To date, only 11 states across the country currently have laws mandating Holocaust education; other states recommend inclusion of Holocaust education themes in the curriculum. Unfortunately, every law is different.
The most comprehensive state laws provide funding and age-appropriate educational resources, specifically defining the time parameters of the Holocaust and the targets of the Nazis genocidal policies. The best state laws would provide guidance on how instruction about the Holocaust can be integrated within state mandates for history, social studies, and other language arts courses.
Fortunately, there is new energy now behind federal and state initiatives to promote Holocaust education.
At the federal level, longtime Holocaust education champion Rep. Carolyn B. Maloney (D-NY) and Rep. Elise Stefanik (R-NY) recently introduced the Never Again Education Act, legislation which would create a new grant program at the U.S. Department of Education to provide teachers across the U.S. with the necessary resources to teach about the Holocaust in their classrooms.
The legislation is designed to assist teachers with overcoming the many obstacles teachers face when teaching the Holocaust, including a lack of awareness of where to find resources; a lack of funding to take advantage of these resources and training programs; and a lack of knowledge for how to incorporate the subject into their curricula.

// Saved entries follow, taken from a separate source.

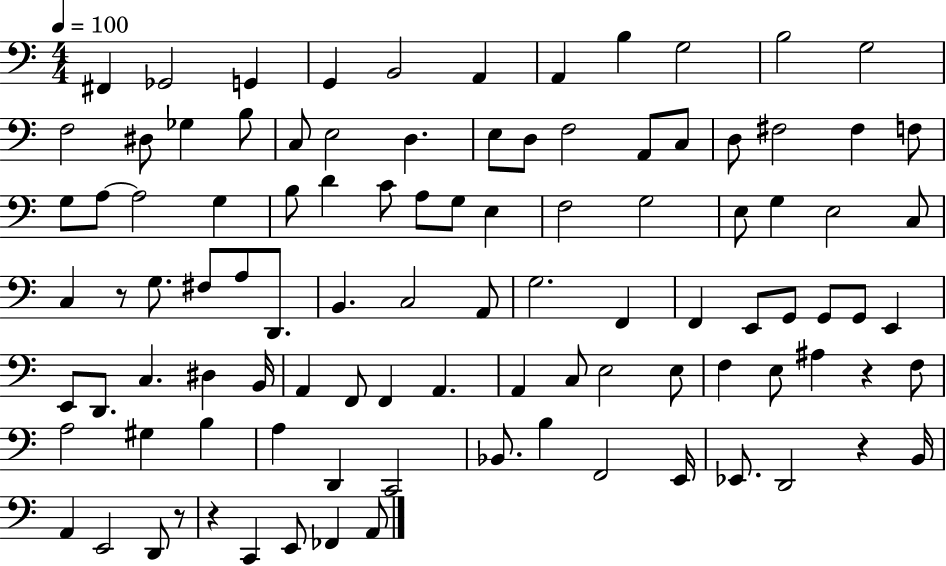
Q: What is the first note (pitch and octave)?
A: F#2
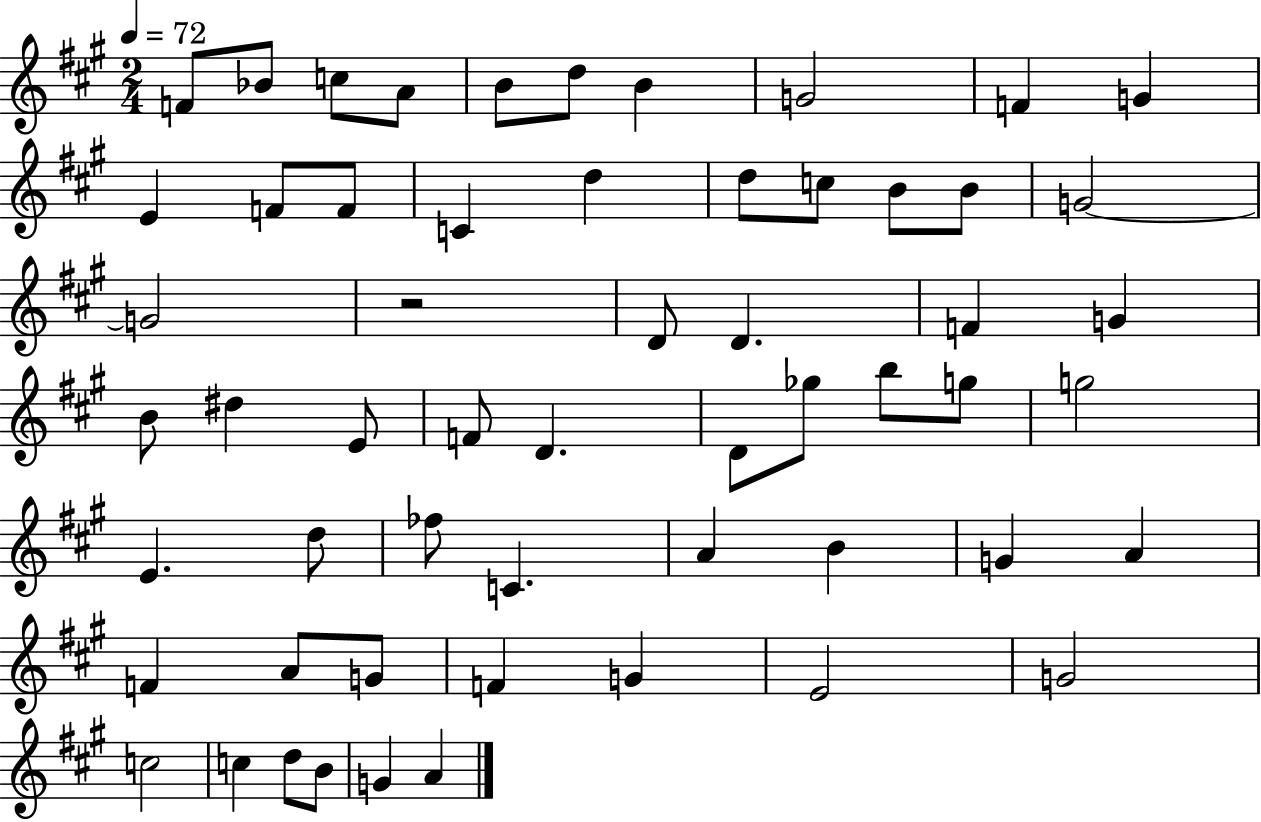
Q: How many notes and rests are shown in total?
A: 57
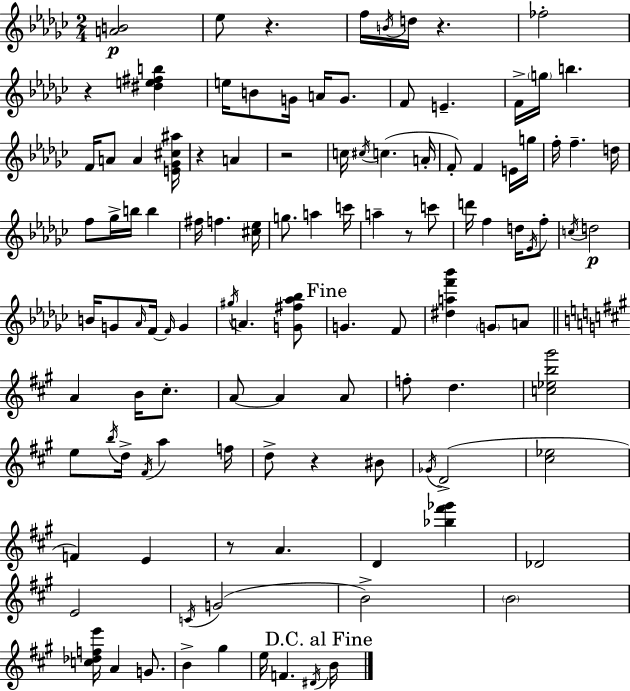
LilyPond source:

{
  \clef treble
  \numericTimeSignature
  \time 2/4
  \key ees \minor
  <a' b'>2\p | ees''8 r4. | f''16 \acciaccatura { b'16 } d''16 r4. | fes''2-. | \break r4 <dis'' e'' fis'' b''>4 | e''16 b'8 g'16 a'16 g'8. | f'8 e'4.-- | f'16-> \parenthesize g''16 b''4. | \break f'16 a'8 a'4 | <e' ges' cis'' ais''>16 r4 a'4 | r2 | c''16 \acciaccatura { cis''16 } c''4.( | \break a'16-. f'8-.) f'4 | e'16 g''16 f''16-. f''4.-- | d''16 f''8 ges''16-> b''16 b''4 | fis''16 f''4. | \break <cis'' ees''>16 g''8. a''4 | c'''16 a''4-- r8 | c'''8 d'''16 f''4 d''16 | \acciaccatura { ees'16 } f''8-. \acciaccatura { c''16 } d''2\p | \break b'16 g'8 \grace { aes'16 } | f'16~~ \grace { f'16 } g'4 \acciaccatura { gis''16 } a'4. | <g' fis'' aes'' bes''>8 \mark "Fine" g'4. | f'8 <dis'' a'' f''' bes'''>4 | \break \parenthesize g'8 a'8 \bar "||" \break \key a \major a'4 b'16 cis''8.-. | a'8~~ a'4 a'8 | f''8-. d''4. | <c'' ees'' b'' gis'''>2 | \break e''8 \acciaccatura { b''16 } d''16-> \acciaccatura { fis'16 } a''4 | f''16 d''8-> r4 | bis'8 \acciaccatura { ges'16 }( d'2-> | <cis'' ees''>2 | \break f'4) e'4 | r8 a'4. | d'4 <bes'' fis''' ges'''>4 | des'2 | \break e'2 | \acciaccatura { c'16 }( g'2 | b'2->) | \parenthesize b'2 | \break <c'' des'' f'' e'''>16 a'4 | g'8. b'4-> | gis''4 e''16 f'4. | \acciaccatura { dis'16 } \mark "D.C. al Fine" b'16 \bar "|."
}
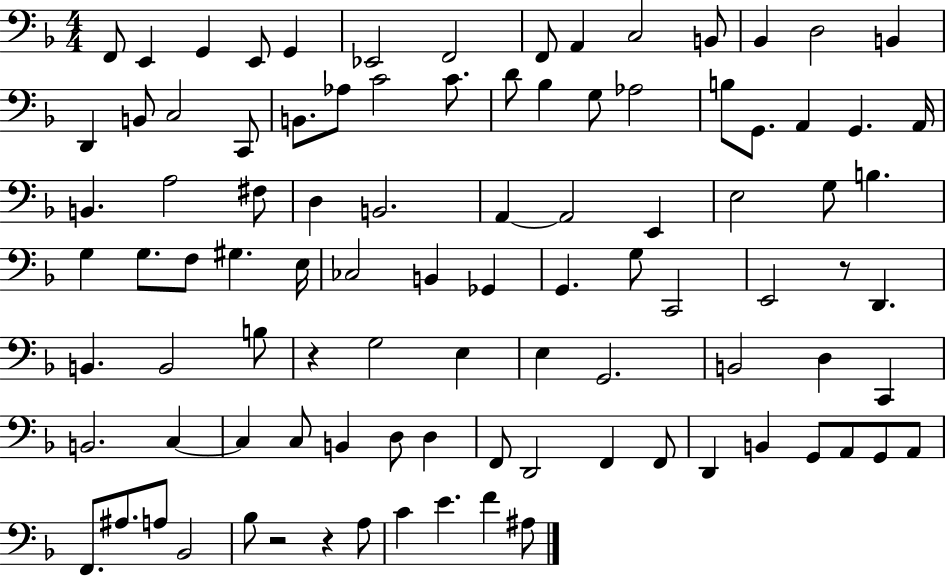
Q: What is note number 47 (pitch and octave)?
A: E3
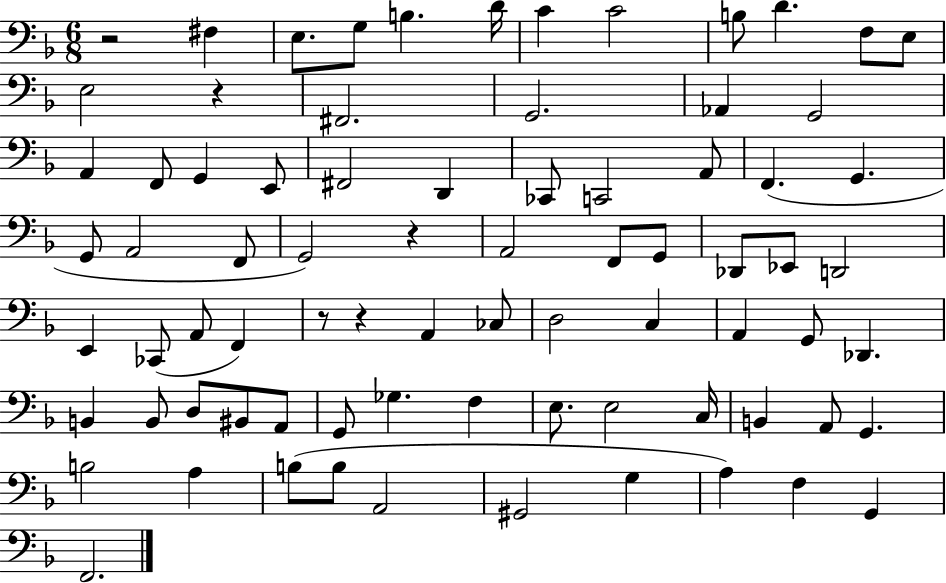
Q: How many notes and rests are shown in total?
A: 78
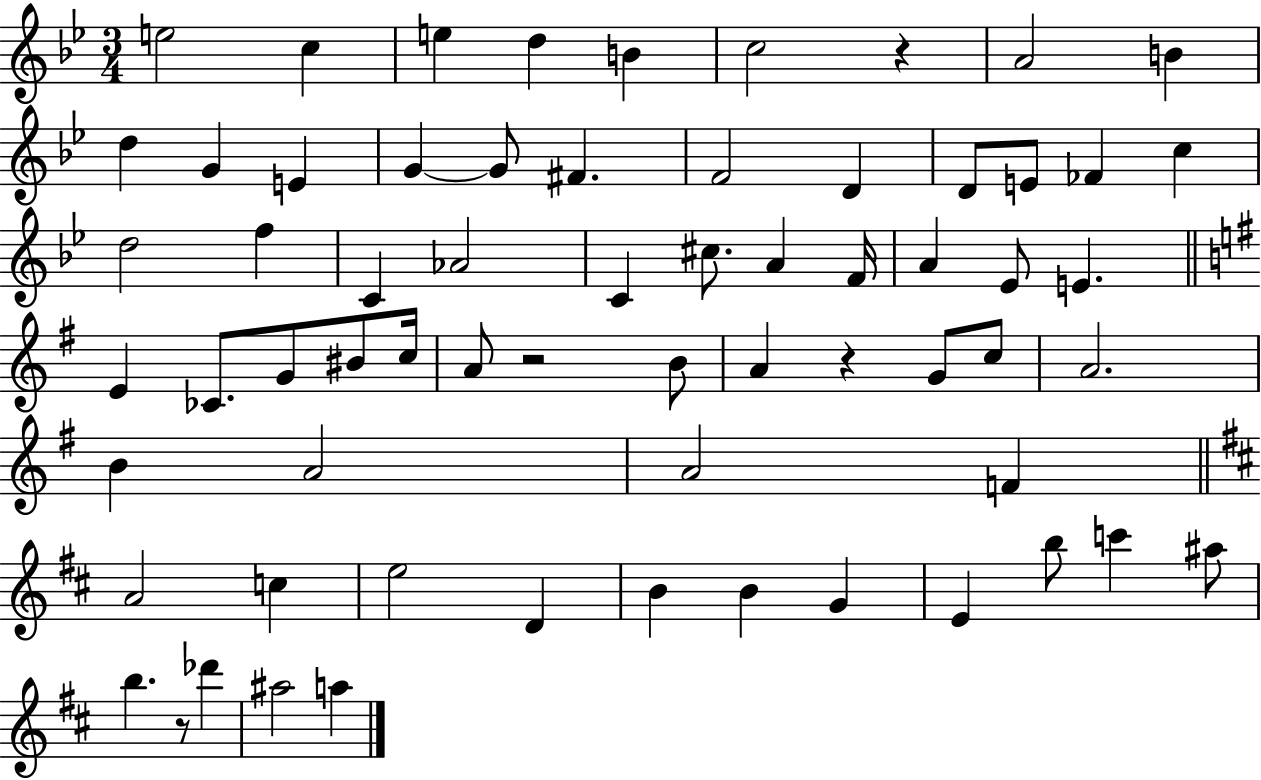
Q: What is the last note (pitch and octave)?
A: A5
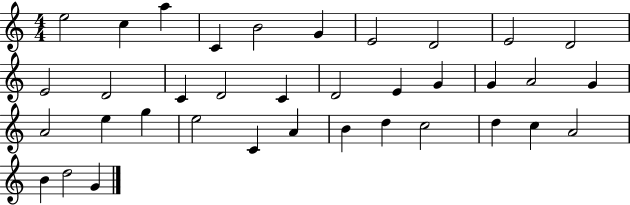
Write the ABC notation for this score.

X:1
T:Untitled
M:4/4
L:1/4
K:C
e2 c a C B2 G E2 D2 E2 D2 E2 D2 C D2 C D2 E G G A2 G A2 e g e2 C A B d c2 d c A2 B d2 G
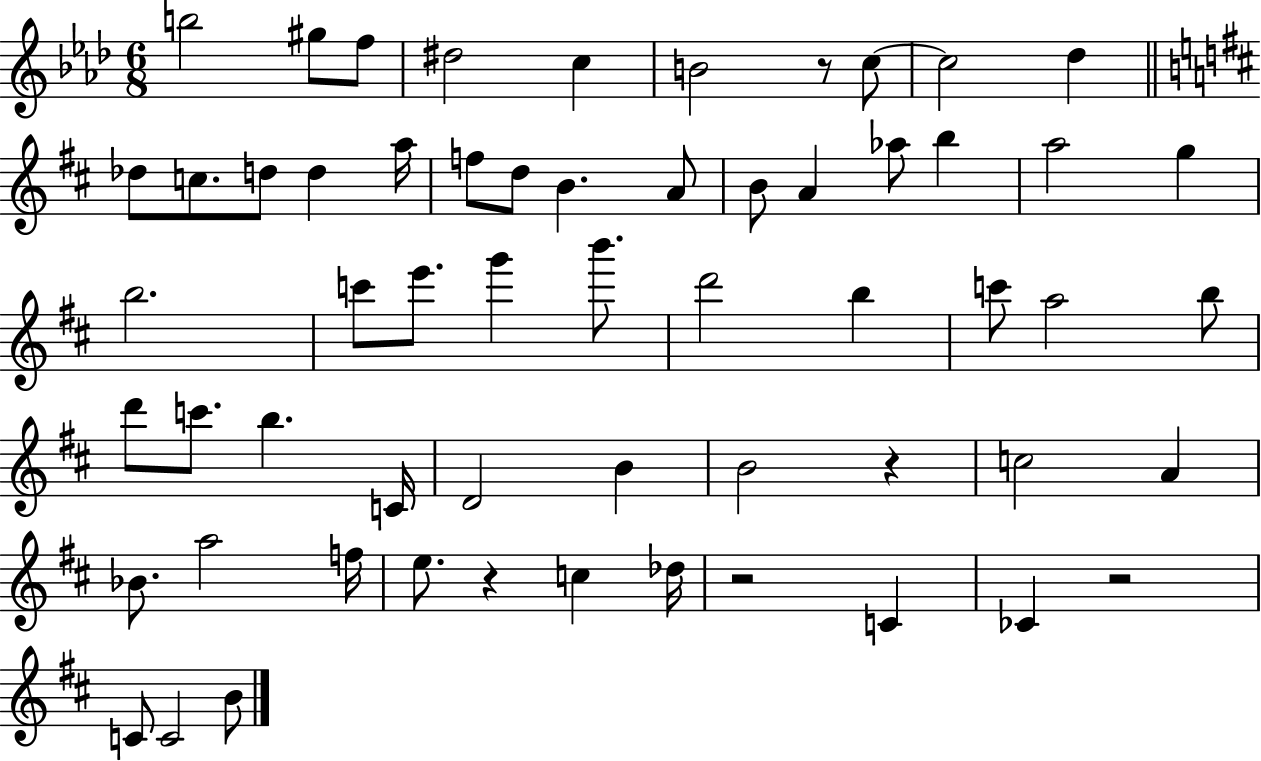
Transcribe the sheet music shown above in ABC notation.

X:1
T:Untitled
M:6/8
L:1/4
K:Ab
b2 ^g/2 f/2 ^d2 c B2 z/2 c/2 c2 _d _d/2 c/2 d/2 d a/4 f/2 d/2 B A/2 B/2 A _a/2 b a2 g b2 c'/2 e'/2 g' b'/2 d'2 b c'/2 a2 b/2 d'/2 c'/2 b C/4 D2 B B2 z c2 A _B/2 a2 f/4 e/2 z c _d/4 z2 C _C z2 C/2 C2 B/2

ADL supports this bipartisan legislation because we believe strongly that learning about the Holocaust and lessons of unchecked anti-Semitism and racism is one of the best ways to fight prejudice and discrimination, and to help ensure that genocide and such atrocities never happen again.
By encouraging curriculum experts at the Department of Education to work with private Holocaust education centers and other experts, this bill provides an innovative forum for competitive grants, regional workshops, valuable training programs, curriculum and other resources.
Here’s three reasons why teaching about the Holocaust provides an opportunity for teachers to elevate a number of important learning objectives:
- Respect for Differences: The Holocaust began because average German citizens had anti-Semitism reinforced in their homes, religious institutions and broader society. They were taught that one group of people were worth less than others. This hateful and false lesson enabled the average German citizen – and many of their fellow Europeans – to see Jews as not worthy of living among them as Jews, then as not worthy to live among them, and finally as not worthy to live at all.
- Understanding Where Prejudice Can Lead: Teaching the Holocaust can help students learn about the underlying ramifications of prejudice, racism, and stereotyping. The Holocaust is a dramatic warning about the capacity of human beings, who, when prodded and backed by state power, are capable of the murder of millions of innocent people. The murder of six million Jews — including 1.5 million children – and millions of others by their fellow Europeans was possible only because many millions of other people accepted narratives of hate about other people, ignored their desperate pleas for help, and, in some cases, were actively complicit in their torture and murder.
- The Fragility of Democracy: It has been said that the Holocaust began not with gas chambers, but with words. Studying the Holocaust also has the potential to teach us how precious and how fragile democracy can be. The Nazis had to first destroy democratic values and civil rights before they could legally discriminate, demonize, dehumanize, and then murder 6 million human beings based on the fiction of race superiority and the use of racial hatred. The Holocaust is a case study in how much the life of a democracy depends on its citizens and their willingness to stand up to anti-democratic forces.
To complement Holocaust education laws for schools, we should work to ensure that Holocaust education is being offered in our communities, too. To that end, ADL offers several educational programs to teach about the Holocaust.
ADL’s flagship Holocaust education program, Echoes and Reflections, has taught hundreds of thousands of middle and high school students around the United States about the Holocaust. Another ADL program, Bearing Witness, has trained over 2000 Catholic school educators across the country, equipping these educators with tools and techniques to teach about the Holocaust.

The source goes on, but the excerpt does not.